* **Source records**:
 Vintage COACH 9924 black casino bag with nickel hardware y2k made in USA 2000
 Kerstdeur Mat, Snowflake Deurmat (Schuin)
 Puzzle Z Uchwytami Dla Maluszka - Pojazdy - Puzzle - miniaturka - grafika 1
...
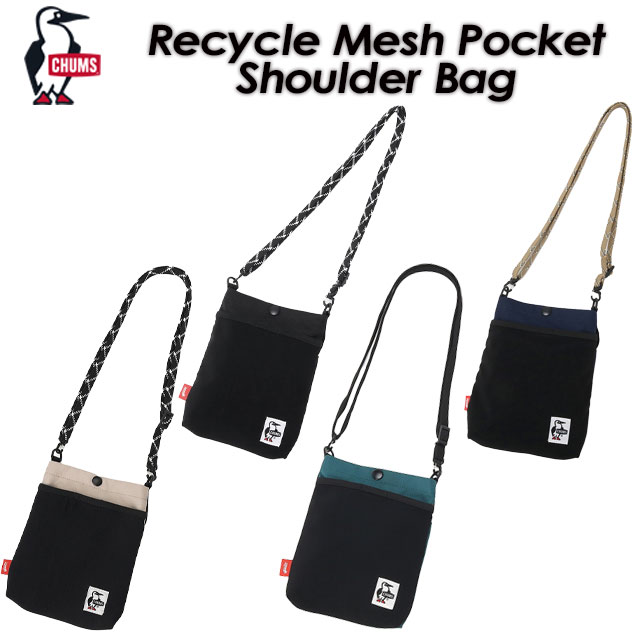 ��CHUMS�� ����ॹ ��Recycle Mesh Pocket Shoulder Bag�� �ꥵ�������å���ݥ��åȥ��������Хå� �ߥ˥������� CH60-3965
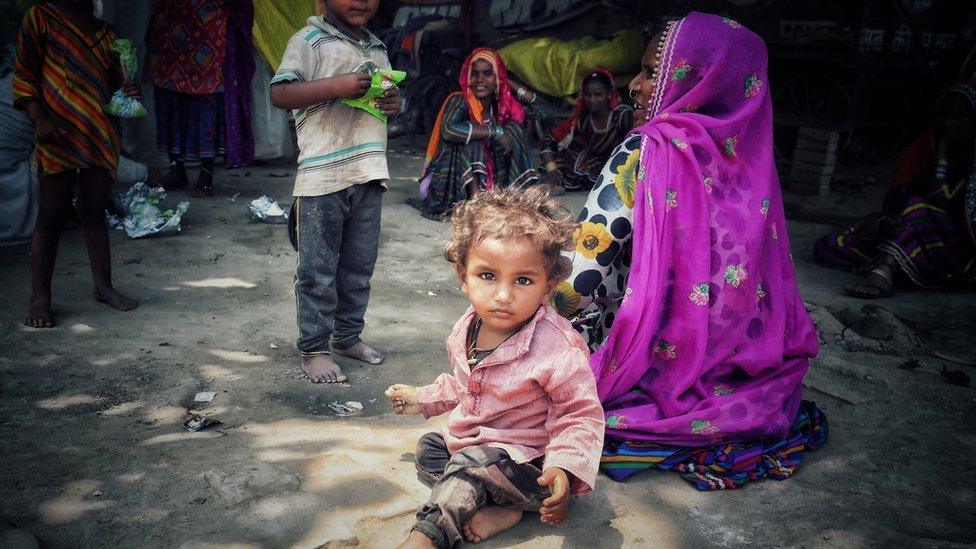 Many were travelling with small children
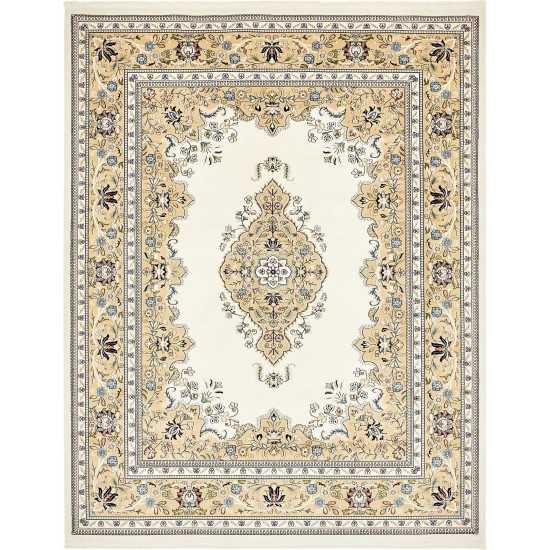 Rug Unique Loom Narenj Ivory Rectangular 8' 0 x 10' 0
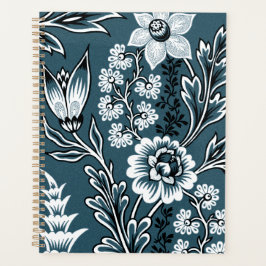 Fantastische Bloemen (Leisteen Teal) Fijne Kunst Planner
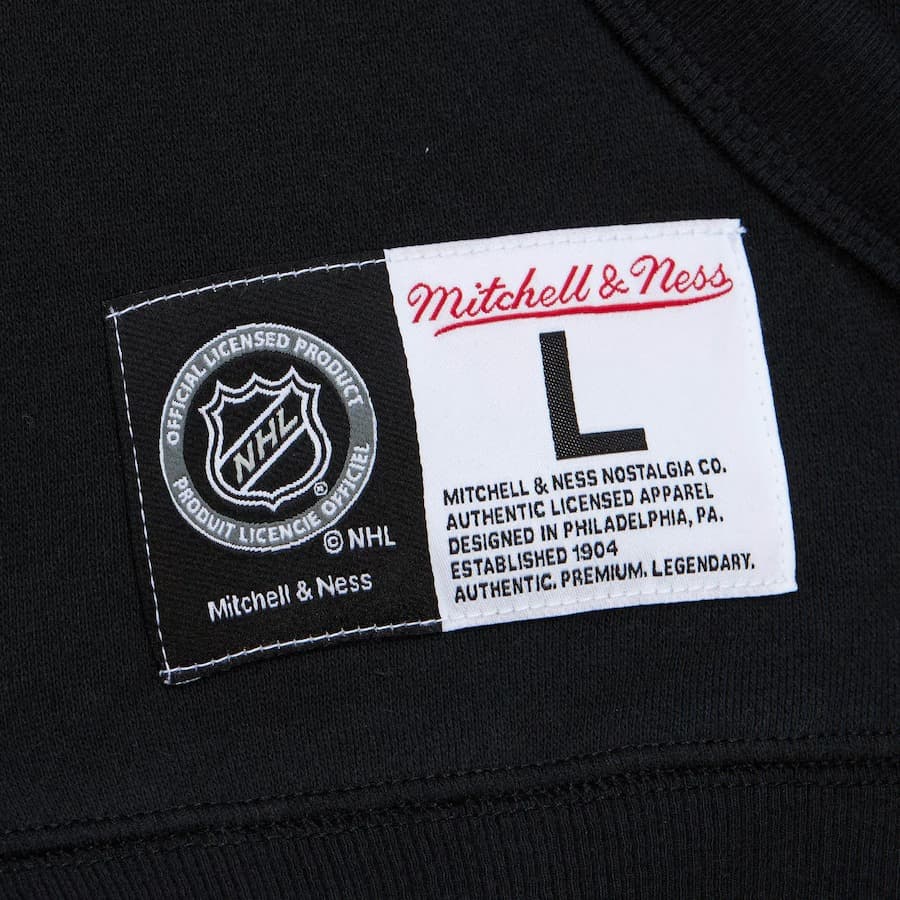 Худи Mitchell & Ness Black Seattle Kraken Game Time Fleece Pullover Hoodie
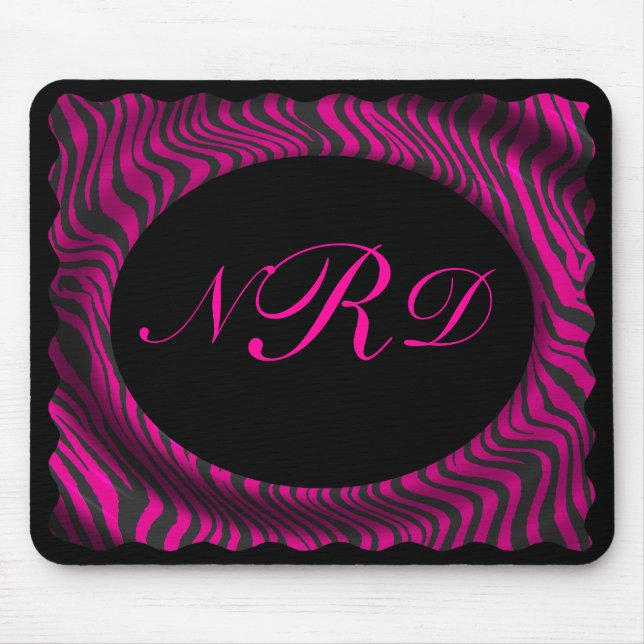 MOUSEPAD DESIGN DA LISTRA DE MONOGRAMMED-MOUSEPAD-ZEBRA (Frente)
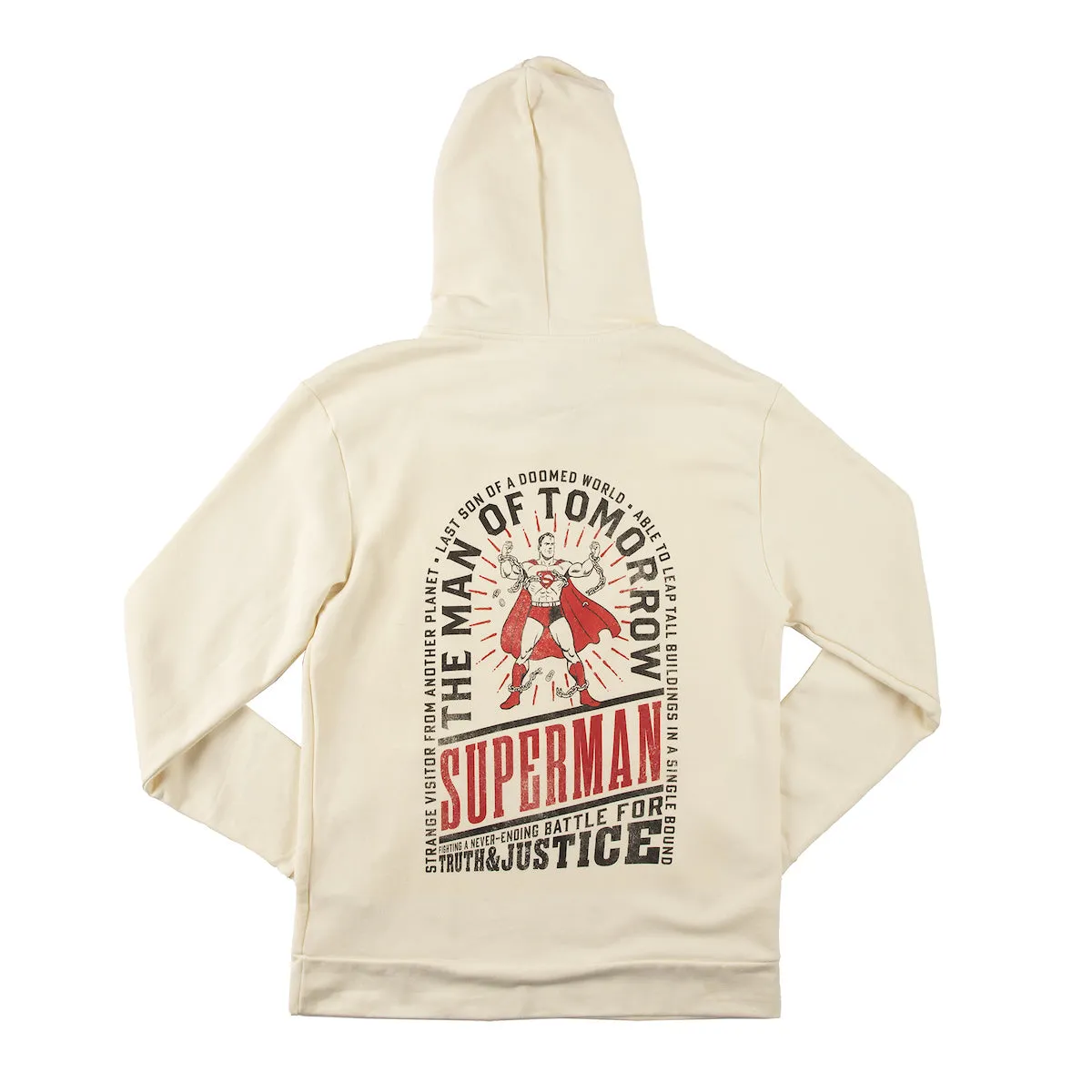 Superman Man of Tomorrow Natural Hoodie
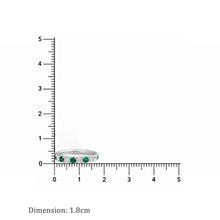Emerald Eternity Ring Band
--
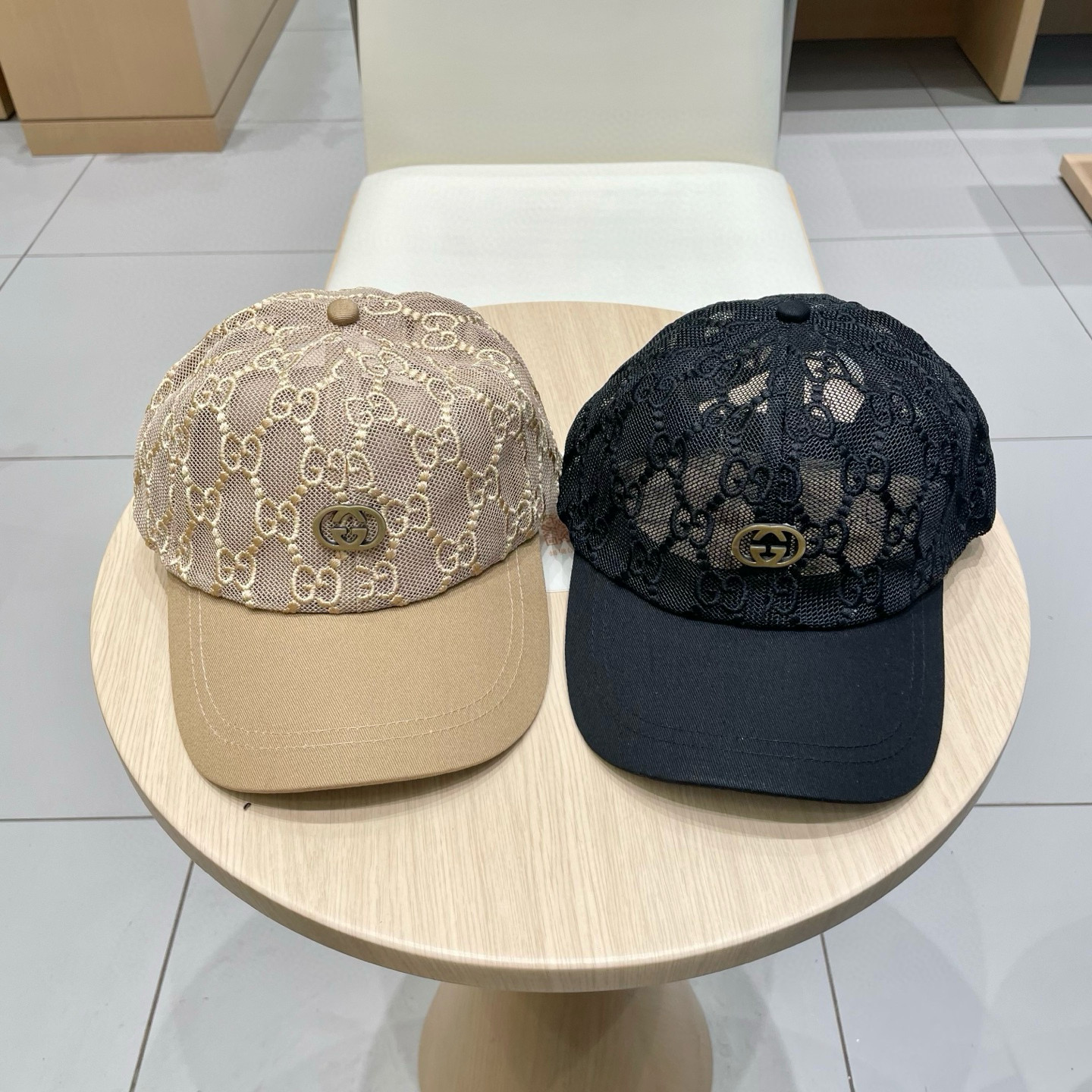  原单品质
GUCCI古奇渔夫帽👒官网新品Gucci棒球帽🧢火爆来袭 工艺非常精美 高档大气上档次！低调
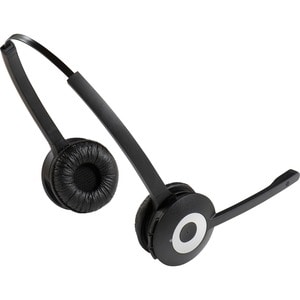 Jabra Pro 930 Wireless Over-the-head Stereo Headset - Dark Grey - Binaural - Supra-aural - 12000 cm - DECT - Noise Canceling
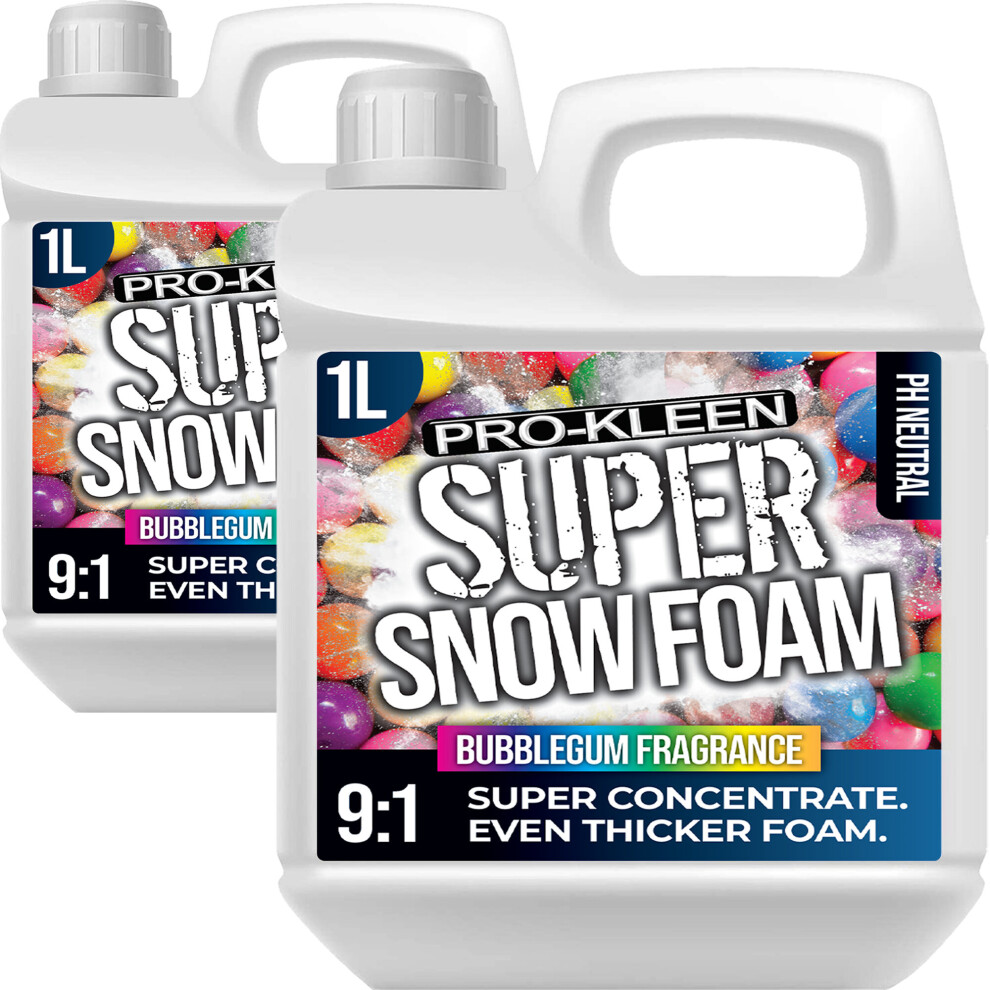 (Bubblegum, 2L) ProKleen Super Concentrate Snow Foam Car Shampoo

* **Work required**:
Your answer should be the exact lines above from the one containing "MOUSEPAD DESIGN DA" through the one containing "Emerald Eternity Ring Band", with both end lines kept and the pictures removed, please.

* **Written response**:
 MOUSEPAD DESIGN DA LISTRA DE MONOGRAMMED-MOUSEPAD-ZEBRA (Frente)
 Superman Man of Tomorrow Natural Hoodie
Emerald Eternity Ring Band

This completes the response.